Into the Pink is the second album by the American rock band Verbena, released in 1999. It was their first release for Capitol Records. The album included the singles "Pretty Please" and "Baby Got Shot".

Production
The album was produced by Dave Grohl.
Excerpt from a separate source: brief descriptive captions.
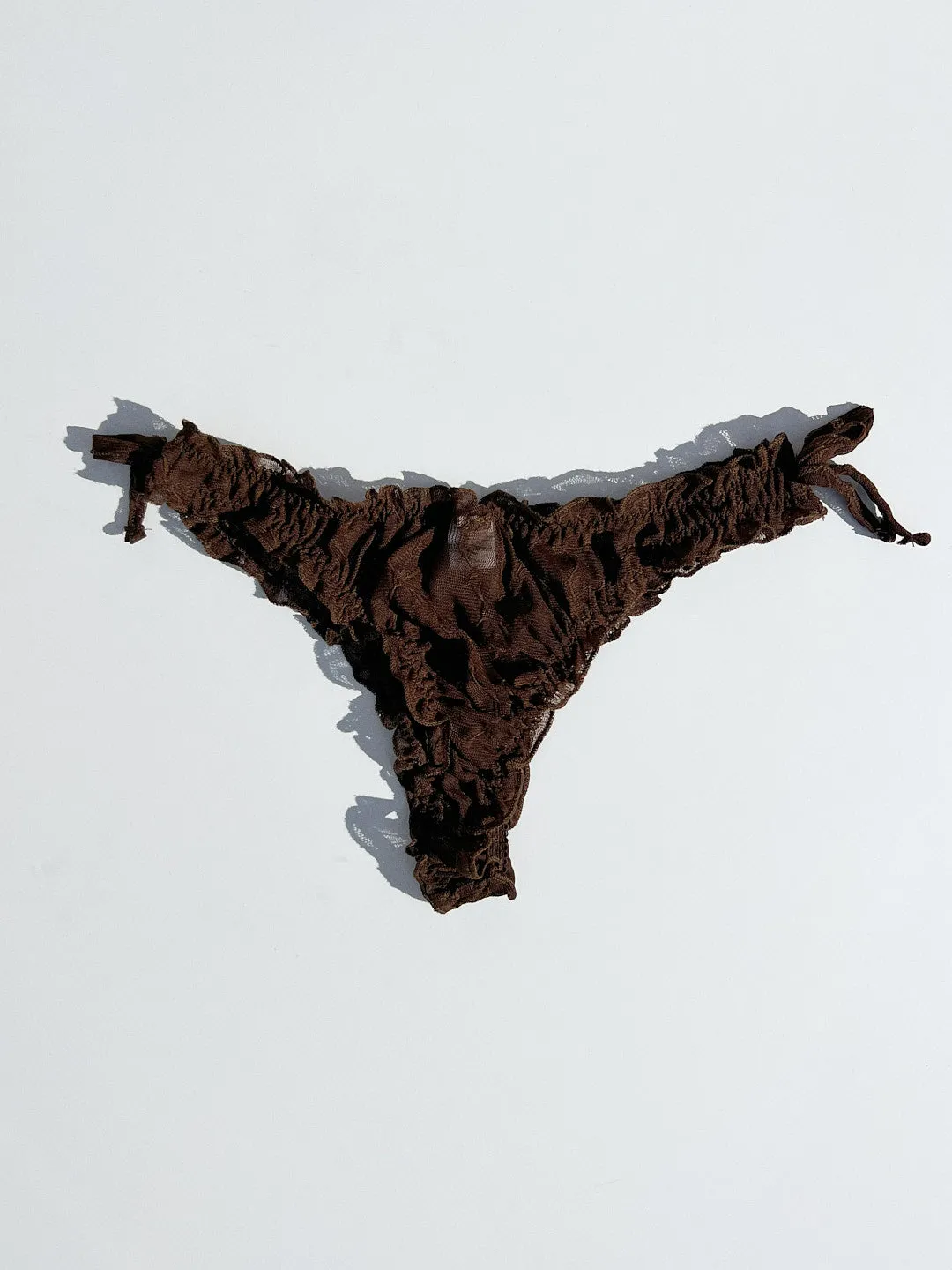 Mariposa Lace Bow Panty - Brown sold by Lisa Says Gah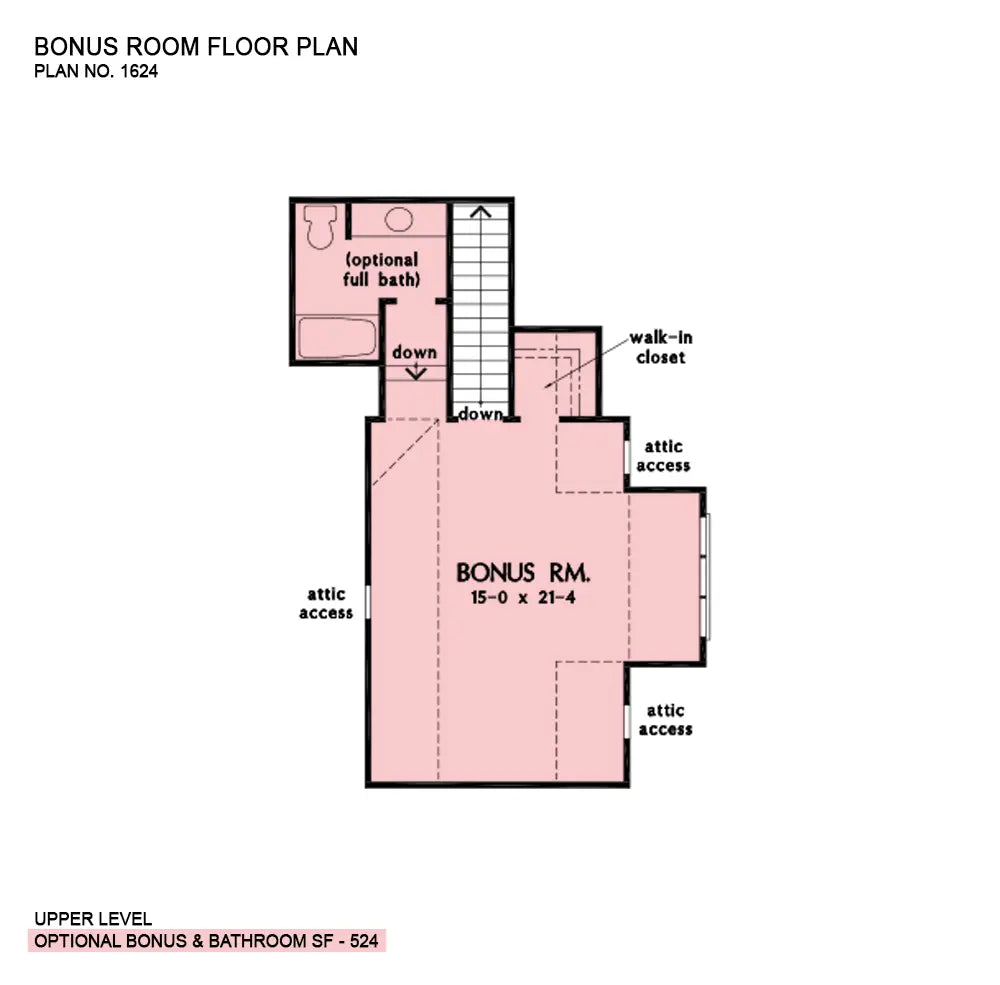 This is the bonus room floor plan image for farmhouse house plan 1624 The Beatrice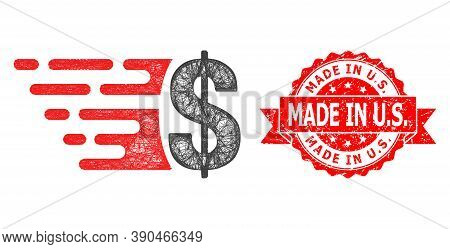 Network Dollar Icon, And Made In U.s. Textured Ribbon Seal Print. Red Seal Has Made In U.s. Title In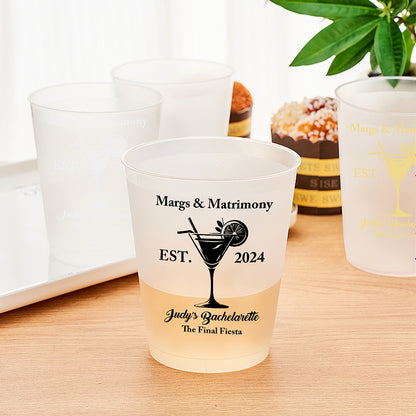 Personalized Margs & Matrimony Disposable Plastic Cups for Bachelorette Party Supplies Gift - 12oz and 16oz Options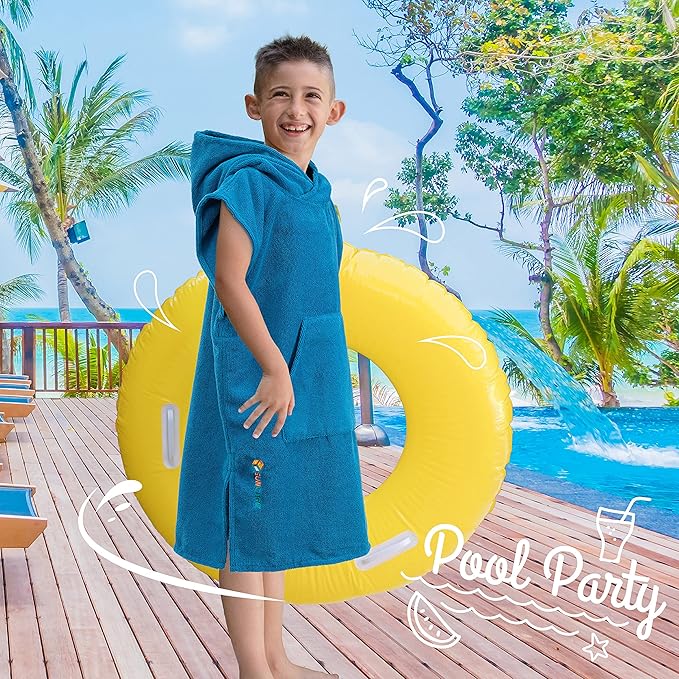 SUN CUBE Kids Changing Robe Surf Poncho, Kids Beach Towels for Teens, Microfiber Hooded Wearable Swim Towel Boys Girls Teenagers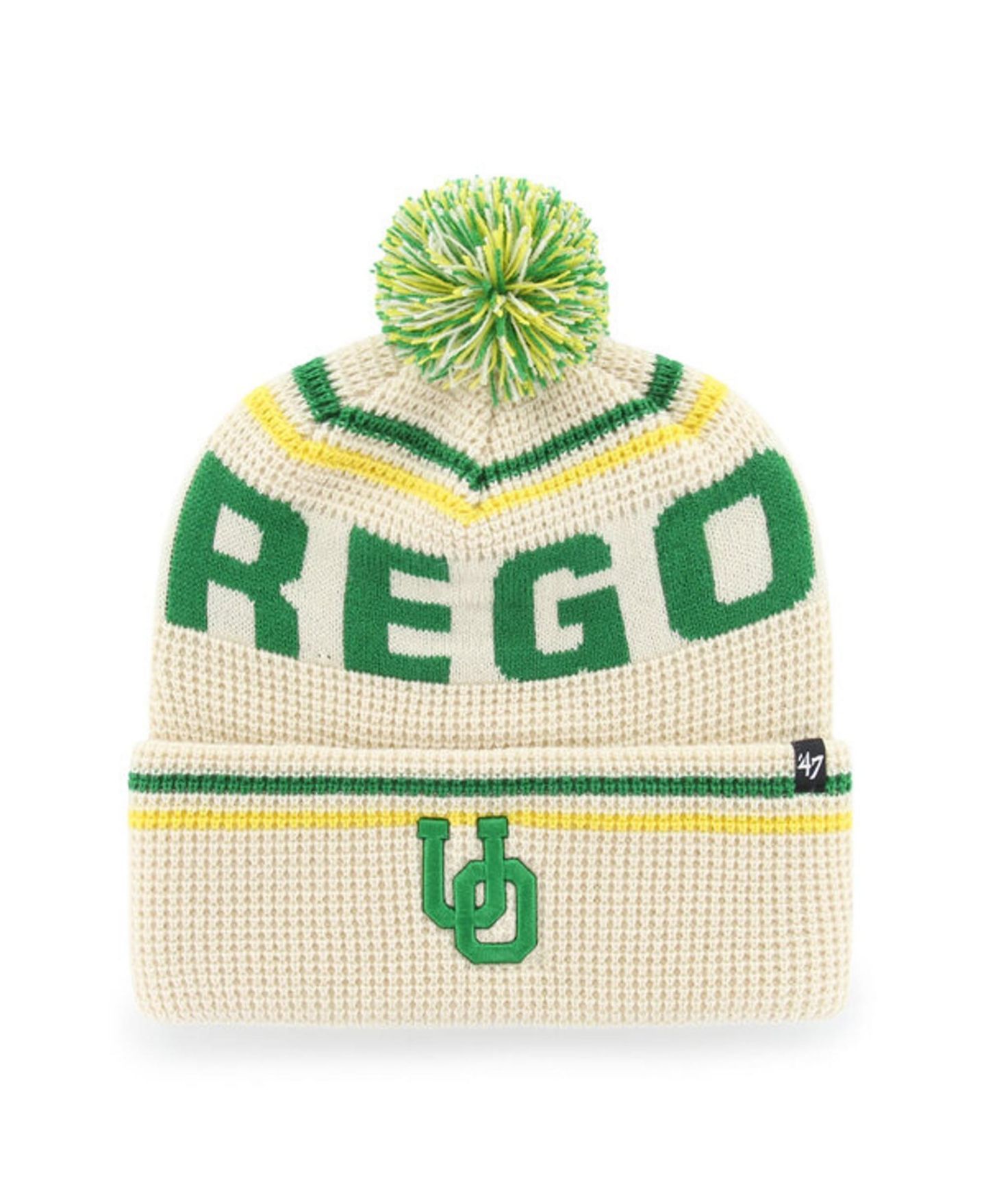 Головной убор '47 Brand Cream Oregon Ducks Quattrle Waffle Cuffed Knit Pom Hat — фото 1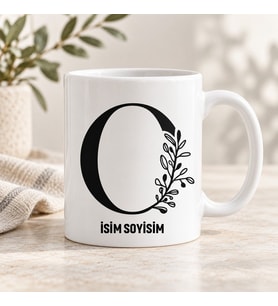 Kişiye Özel Baş Harf ve İsim Yazılı Çiçekli Minimalist Seramik Kupa Bardak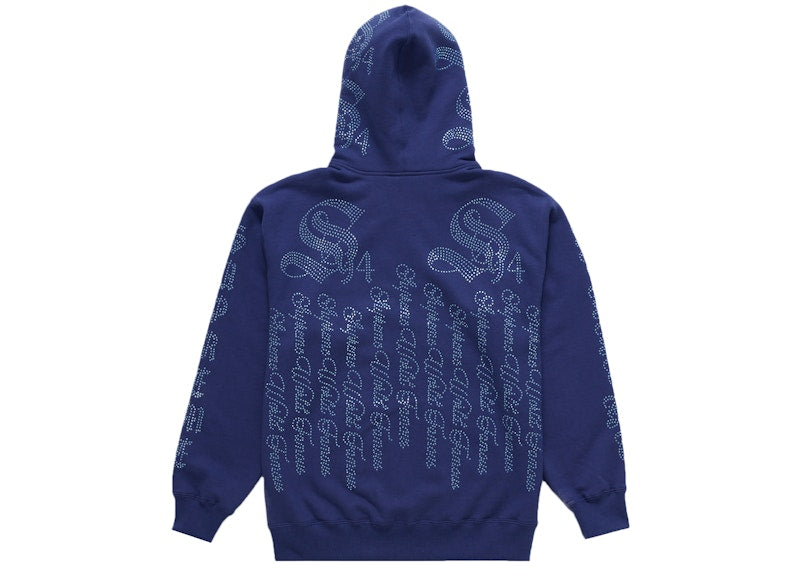 Supreme Rhinestone Zip Up Hooded Sweatshirt Washed Navy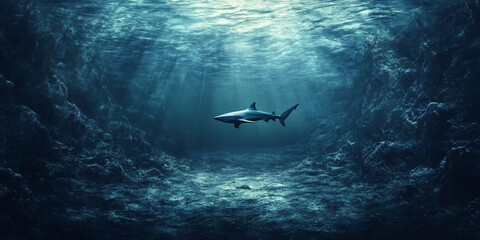 Wall Mural - a lone shark swims through a dark, underwater canyon, illuminated by a shaft of sunlight.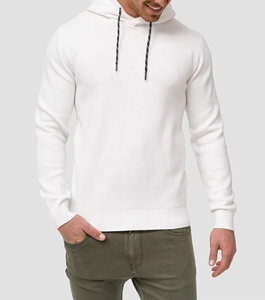 Sweat-shirt à capuche color block pour homme, décontracté, tricoté, manches longues, coupe classique, noir et beige, design bicolore - Product Image 1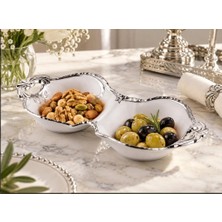 Roykıng Camelıa Gümüş 2 Bölmeli Çerezlik  32X16 cm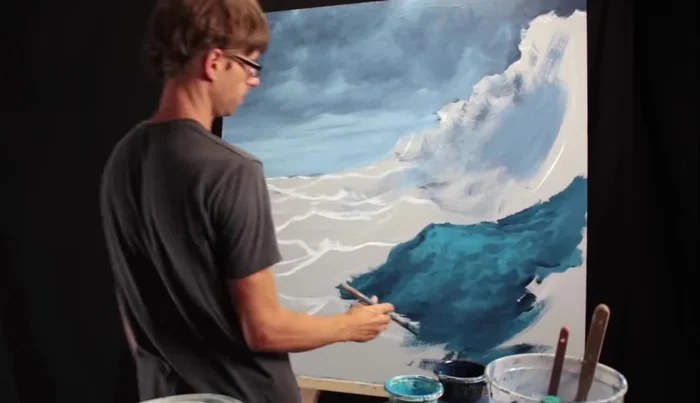 Maintaining Perspective: Maintain the overall angle of the waves to ensure the perspective remains consistent, emphasizing the curvature and movement.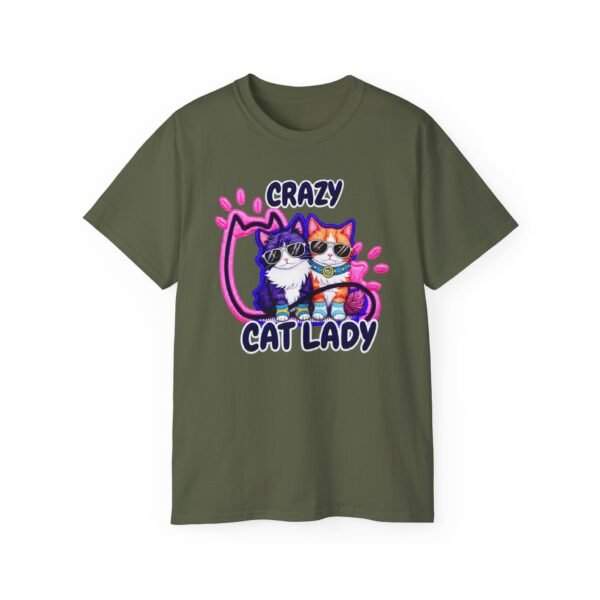 Crazy Cat Lady T-Shirt,  Cute Colorful Kitten Graphic Tee for Cat Lovers, 3D Embroidery Effect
It was the band's first album as a trio, with Anne Marie Griffin changing from second guitar to bass guitar after the departure of the original bass guitarist.

Critical reception
Rolling Stone called the album "skeletal rock with gravely roughed-up guitars." Entertainment Weekly wrote: "To make their potent retro cocktail, Verbena add a dash of Iggy Pop swagger and a measure of T. Rex power chords." The Stranger thought that "the distinctly crumbly crust of grunge is detectable among the sexy hot rock this time around." The Boston Globe declared that "Verbena's grimy guitar rock, as well as the potent vocal interplay between [AA] Bondy and bassist Anne Marie Griffin, still sounds as deadly as a rattlesnake."

Track listing
All songs written by Scott Bondy and Verbena.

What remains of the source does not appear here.